Home > Uncategorized > Will Udacity’s Nanodegrees lead to Perelman’s Micro-Vouchers?

Will Udacity’s Nanodegrees lead to Perelman’s Micro-Vouchers?

In 1993 Lewis Perelman wrote a thought provoking book titled “Schools Out” which described how computer technology could eventual lead to a fragmentation of public education through the creation of “micro vouchers” that would enable students to take courses where they wanted to and when they wanted to. That same year, libertarian writer David Boaz wrote a book titled “Market Liberalism: A Paradigm for the 21st Century” that included a chapter by Perelman titled “The Learning Revolution” that provides a blueprint for what is transpiring today in education.  Some excerpts from Perelman’s essay make eerie reading in today’s world:

The productivity-focused goals of the new paradigm of national learning policy that should replace intrusive and irrelevant “national education goals”(NOTE: This was G.H.W. Bush’s initiative to address “failing schools”) can be summarized in four simple words: More, Better, Faster, and Cheaper. That is, policy needs to ensure the rapid development of HL (Hyper-Learning– a term Perelman coined to define the faster, more focussed instruction that technology could provide. See elaboration on this, below.) systems that enable citizens of all ages to learn more about everything; to learn better, especially those things that are relevant to productive work; to learn faster, with less waste of time; and to do all that at lower and steadily declining cost.

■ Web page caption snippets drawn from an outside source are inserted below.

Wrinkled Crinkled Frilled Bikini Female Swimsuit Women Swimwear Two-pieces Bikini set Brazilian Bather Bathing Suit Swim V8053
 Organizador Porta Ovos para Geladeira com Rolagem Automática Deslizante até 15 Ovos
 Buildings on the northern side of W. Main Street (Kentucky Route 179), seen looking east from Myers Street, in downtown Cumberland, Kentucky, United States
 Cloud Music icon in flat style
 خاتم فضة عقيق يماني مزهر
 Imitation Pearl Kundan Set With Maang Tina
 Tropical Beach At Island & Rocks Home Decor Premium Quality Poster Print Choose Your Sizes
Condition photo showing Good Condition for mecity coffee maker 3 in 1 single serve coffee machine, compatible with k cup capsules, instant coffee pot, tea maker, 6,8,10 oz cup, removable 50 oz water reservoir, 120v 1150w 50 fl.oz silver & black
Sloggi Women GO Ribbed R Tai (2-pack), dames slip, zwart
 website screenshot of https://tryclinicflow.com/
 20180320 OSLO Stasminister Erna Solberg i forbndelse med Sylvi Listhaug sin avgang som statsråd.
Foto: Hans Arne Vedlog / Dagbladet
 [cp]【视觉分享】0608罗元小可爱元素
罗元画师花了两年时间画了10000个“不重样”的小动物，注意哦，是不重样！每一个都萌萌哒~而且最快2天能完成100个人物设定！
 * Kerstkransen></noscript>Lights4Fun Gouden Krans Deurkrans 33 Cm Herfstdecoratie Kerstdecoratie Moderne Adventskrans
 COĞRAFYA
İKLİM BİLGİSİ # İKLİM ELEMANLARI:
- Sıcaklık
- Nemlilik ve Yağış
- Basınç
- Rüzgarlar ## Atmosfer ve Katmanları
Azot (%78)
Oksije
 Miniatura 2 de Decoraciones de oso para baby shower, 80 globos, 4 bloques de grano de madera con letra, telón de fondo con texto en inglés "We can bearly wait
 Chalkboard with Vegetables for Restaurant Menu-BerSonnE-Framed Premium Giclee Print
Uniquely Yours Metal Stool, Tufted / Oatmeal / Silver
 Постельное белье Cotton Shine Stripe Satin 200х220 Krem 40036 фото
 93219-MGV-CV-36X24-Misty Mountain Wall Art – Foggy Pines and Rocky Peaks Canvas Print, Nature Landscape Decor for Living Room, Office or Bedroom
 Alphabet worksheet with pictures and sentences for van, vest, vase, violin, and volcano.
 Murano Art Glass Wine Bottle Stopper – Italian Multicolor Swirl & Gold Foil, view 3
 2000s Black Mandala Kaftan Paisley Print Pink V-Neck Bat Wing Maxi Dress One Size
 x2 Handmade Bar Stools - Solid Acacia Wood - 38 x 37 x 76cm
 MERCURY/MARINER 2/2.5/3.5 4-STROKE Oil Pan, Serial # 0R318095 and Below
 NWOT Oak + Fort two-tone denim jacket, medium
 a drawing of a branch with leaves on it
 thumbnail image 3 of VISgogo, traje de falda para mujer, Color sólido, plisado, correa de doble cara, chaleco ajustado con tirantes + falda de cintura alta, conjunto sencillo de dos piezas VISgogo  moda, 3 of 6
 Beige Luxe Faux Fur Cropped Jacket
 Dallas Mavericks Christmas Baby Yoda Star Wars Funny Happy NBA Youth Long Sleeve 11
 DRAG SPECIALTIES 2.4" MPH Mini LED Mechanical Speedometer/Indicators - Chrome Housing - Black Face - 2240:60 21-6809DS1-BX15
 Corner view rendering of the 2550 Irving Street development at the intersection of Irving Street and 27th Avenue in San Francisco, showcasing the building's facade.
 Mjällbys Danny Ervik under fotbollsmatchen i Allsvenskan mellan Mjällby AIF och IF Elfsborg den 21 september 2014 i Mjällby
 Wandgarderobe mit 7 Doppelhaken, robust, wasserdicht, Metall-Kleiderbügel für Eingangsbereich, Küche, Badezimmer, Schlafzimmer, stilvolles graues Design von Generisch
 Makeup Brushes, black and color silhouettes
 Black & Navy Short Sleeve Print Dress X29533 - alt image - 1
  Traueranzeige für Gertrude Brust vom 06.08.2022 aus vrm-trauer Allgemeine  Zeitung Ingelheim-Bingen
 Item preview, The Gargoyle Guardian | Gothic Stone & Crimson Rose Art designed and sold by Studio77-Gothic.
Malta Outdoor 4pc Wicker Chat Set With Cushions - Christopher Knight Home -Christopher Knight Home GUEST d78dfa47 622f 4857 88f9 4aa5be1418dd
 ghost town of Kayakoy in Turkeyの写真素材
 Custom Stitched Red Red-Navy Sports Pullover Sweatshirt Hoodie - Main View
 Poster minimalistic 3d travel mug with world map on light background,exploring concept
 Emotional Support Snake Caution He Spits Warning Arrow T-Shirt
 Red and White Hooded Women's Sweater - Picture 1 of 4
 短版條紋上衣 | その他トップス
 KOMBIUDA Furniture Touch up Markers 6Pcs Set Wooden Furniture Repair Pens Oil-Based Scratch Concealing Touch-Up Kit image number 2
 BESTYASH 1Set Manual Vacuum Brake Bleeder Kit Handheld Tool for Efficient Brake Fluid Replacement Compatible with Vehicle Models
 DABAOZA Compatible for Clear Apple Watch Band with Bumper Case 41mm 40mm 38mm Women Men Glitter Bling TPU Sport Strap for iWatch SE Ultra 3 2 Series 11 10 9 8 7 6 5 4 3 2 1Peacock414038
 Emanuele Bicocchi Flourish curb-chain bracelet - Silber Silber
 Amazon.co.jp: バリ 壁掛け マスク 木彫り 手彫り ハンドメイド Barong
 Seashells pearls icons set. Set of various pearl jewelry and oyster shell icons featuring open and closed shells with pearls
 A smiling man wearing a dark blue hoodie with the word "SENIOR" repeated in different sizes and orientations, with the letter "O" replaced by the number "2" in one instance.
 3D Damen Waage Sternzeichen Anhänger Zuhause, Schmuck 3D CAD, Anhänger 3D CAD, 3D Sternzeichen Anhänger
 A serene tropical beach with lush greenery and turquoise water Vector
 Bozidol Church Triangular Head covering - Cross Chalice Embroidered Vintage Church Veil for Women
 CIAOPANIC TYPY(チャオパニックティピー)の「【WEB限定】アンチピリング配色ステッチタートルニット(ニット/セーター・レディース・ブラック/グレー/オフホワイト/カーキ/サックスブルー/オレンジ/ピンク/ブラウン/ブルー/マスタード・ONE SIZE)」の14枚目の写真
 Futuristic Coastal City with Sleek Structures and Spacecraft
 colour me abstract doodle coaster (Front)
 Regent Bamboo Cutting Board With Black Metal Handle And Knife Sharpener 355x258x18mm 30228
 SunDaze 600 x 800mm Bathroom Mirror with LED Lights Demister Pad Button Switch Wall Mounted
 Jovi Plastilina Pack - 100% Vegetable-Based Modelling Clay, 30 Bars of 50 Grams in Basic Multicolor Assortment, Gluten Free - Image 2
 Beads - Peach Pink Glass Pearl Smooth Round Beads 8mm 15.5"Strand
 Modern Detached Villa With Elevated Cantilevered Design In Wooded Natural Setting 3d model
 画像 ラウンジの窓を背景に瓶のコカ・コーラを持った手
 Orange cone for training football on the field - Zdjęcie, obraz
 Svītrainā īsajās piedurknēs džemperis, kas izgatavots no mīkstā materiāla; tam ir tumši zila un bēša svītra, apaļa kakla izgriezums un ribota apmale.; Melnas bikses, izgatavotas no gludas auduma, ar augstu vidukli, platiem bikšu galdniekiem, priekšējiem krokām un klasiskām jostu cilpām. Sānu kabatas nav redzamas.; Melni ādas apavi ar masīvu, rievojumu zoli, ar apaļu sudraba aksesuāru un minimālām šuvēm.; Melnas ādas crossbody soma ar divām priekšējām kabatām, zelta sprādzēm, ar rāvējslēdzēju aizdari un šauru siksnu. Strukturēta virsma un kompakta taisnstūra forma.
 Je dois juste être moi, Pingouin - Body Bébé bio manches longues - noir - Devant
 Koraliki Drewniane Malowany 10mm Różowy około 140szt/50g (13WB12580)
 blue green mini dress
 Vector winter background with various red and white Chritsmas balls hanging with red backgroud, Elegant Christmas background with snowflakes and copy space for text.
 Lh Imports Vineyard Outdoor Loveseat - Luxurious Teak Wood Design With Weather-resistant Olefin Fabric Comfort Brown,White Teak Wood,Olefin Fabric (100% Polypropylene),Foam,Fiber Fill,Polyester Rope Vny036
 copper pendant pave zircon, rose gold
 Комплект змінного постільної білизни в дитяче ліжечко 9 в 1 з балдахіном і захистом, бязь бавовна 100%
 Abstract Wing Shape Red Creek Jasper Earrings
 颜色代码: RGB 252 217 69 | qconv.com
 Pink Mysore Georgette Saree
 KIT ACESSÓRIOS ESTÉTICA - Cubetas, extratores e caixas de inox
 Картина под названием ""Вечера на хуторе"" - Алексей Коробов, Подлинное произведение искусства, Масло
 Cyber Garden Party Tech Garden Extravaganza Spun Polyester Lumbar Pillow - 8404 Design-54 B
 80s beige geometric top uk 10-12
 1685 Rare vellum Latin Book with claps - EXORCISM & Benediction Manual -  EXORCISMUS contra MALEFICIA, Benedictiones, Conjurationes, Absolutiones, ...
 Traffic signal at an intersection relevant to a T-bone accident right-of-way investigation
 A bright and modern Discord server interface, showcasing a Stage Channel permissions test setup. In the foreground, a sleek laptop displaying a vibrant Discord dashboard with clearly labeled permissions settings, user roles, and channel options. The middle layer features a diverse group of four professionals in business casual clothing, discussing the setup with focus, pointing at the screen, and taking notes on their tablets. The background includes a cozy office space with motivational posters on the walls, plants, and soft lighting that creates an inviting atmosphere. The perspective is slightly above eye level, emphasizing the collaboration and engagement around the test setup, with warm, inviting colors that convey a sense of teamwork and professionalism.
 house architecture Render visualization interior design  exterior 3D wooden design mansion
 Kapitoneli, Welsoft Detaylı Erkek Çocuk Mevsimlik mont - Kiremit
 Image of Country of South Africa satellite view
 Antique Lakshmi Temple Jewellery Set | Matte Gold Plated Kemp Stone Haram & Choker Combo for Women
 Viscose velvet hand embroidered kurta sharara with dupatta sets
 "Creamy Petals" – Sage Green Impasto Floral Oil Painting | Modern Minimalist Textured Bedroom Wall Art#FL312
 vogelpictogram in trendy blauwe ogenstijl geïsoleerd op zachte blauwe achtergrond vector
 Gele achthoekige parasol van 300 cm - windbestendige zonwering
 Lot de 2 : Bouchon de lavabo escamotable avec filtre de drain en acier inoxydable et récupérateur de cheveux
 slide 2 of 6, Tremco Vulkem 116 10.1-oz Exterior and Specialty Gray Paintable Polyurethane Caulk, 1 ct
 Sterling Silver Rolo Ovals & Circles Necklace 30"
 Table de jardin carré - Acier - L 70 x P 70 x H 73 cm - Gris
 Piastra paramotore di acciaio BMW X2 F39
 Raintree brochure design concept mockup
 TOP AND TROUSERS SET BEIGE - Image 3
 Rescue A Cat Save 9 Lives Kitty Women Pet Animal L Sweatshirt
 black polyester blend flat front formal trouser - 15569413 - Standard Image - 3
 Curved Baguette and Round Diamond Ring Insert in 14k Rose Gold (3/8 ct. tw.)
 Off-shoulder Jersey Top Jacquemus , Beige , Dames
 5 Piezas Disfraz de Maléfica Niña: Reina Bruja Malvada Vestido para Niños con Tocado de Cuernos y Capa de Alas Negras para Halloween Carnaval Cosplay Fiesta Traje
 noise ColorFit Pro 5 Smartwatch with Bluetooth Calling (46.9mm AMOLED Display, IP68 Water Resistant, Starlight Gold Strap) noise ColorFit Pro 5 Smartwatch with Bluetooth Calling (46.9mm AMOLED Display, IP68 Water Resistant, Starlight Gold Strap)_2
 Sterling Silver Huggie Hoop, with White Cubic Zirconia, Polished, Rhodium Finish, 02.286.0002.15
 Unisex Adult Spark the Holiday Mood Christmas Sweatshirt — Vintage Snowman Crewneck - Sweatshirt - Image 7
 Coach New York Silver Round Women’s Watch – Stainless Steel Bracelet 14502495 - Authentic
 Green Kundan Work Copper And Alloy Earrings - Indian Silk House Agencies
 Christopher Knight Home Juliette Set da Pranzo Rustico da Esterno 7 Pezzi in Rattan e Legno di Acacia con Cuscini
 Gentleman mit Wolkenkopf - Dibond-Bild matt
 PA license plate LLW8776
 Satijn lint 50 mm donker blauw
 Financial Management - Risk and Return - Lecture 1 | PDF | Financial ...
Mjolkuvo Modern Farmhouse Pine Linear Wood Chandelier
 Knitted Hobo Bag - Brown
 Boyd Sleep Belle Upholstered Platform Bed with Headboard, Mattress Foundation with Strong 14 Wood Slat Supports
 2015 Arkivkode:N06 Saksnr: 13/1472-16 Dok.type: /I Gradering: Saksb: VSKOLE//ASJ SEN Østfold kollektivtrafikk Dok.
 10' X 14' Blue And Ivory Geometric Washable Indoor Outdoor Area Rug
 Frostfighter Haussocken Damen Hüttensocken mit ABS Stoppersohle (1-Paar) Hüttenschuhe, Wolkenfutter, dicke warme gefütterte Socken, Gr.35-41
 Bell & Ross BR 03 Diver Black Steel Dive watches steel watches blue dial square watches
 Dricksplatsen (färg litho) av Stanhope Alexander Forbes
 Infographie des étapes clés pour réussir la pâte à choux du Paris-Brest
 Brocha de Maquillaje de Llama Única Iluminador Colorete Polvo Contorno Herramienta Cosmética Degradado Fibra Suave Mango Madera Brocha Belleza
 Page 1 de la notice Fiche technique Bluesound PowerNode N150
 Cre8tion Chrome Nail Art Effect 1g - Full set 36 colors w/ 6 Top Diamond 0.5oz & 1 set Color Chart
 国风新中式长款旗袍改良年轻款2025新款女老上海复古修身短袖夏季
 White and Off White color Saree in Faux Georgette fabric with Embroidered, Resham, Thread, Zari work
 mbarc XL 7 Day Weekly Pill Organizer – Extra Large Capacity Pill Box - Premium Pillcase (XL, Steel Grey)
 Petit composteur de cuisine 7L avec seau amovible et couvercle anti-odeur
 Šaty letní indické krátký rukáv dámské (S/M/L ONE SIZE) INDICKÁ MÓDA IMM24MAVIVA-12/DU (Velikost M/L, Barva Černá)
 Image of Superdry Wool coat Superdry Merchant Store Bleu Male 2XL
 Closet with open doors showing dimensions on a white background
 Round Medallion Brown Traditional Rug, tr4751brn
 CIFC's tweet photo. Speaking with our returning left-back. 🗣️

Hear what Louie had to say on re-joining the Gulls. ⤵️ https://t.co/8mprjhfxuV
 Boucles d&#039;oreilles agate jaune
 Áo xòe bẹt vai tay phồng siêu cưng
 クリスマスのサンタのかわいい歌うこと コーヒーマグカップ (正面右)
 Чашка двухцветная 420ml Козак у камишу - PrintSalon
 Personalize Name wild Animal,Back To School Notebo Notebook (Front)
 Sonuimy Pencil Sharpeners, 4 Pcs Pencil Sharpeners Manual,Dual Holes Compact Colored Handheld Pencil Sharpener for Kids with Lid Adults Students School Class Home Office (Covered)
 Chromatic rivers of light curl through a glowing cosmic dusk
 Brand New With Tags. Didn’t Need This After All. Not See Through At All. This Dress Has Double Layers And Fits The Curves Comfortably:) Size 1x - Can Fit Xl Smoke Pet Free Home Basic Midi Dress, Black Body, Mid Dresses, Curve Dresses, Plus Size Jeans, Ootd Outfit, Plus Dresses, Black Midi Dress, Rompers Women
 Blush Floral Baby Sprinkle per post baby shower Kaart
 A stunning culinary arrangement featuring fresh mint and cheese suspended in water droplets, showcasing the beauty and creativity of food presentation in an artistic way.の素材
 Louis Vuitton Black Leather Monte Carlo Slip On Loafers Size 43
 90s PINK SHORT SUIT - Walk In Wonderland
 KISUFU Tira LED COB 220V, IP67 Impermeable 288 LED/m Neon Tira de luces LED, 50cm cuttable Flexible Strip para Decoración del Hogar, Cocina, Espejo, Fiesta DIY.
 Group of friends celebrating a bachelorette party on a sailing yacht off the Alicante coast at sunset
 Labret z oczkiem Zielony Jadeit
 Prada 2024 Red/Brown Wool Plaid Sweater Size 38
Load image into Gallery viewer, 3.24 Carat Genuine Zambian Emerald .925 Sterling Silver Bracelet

Perelman offered an action plan to make schools achieve the goals: de-credentialize; commercialize; capitalize; and bypass. The section on commercialization is particularly relevant, because it is one concept that conservatives and neo-liberals– both of whom believe in the magic of the marketplace– embrace. In this section Perelman introduces the concept of “micro vouchers”. Some excerpts from this section:

In recent years many politicians, business leaders, and families have begun to appreciate the essential importance of breaking up the socialist monopoly of the government-controlled education system. “Privatization” of public education is much needed and should be a national goal of the new president (i.e. Bill Clinton). But “school choice” is an inadequate strategy for achieving the benefits of a market economy in the learning sector or for unleashing the growth of the strategically crucial HL industry…

Instead, the new administration should be committed to commercial privatization of the entire education sector, based on a strategy of mi- crochoice using the financing mechanism of microvouchers.

To illustrate the idea of microchoice: If our choice of television channels worked the way school choice is proposed to, changing channels from HBO to CNN would require unplugging the TV set, taking it back to the store, exchanging it for a different model, and moving to a new neighborhood. In reality, of course, choosing among dozens or hundreds of video options requires no effort more strenuous than pushing a button. Similarly, modern HL technology can offer the individual even more choices of “teachers” and “schools” than of cable TV channels. HL’s broadband, intelligent, multimedia systems permit anyone to learn anything, anywhere, anytime with grade-A results by matching learning resources precisely with personal needs and learning styles.

Microvouchers that use modern electronic card–account technology can enable individual families or students to choose specific learning products and services, not just once a year or once a semester, but by the week, day, hour, or even second by second. Unlike vouchers for school or college tuition, microvouchers will create a true, wide-open, location-free, competitive market for learning that has the elasticity to efficiently and quickly match supply and demand.

After acknowledging that over 90 percent of funding for U.S. public education is supplied by state and local governments, Perelman suggests “the new president” could take two major steps “…to commercialize the government-controlled education sector and to pro-mote the development of the American HL industry that must replace it.” The two steps were the replacement of the current Federal funding mechanisms with “Federal micro vouchers”. Perelman envisioned the micro vouchers being

…allocated directly to households, in proportion to individual or family need, to be used for the purchase of any service or product that is demonstrably relevant to learning and development needs. The instrument of expenditure would not be paper stamps or vouchers but electronic account cards similar to credit or bank cards. The HL microvoucher program should leave families free to decide how best to distribute the account resources between adults and children and generally among the members of the household. That provision would recognize that the needs of disadvantaged children in many (perhaps even most) cases may be serve best by immediately improving the economic opportunities and status of the parents, as well as by developing the parenting skills.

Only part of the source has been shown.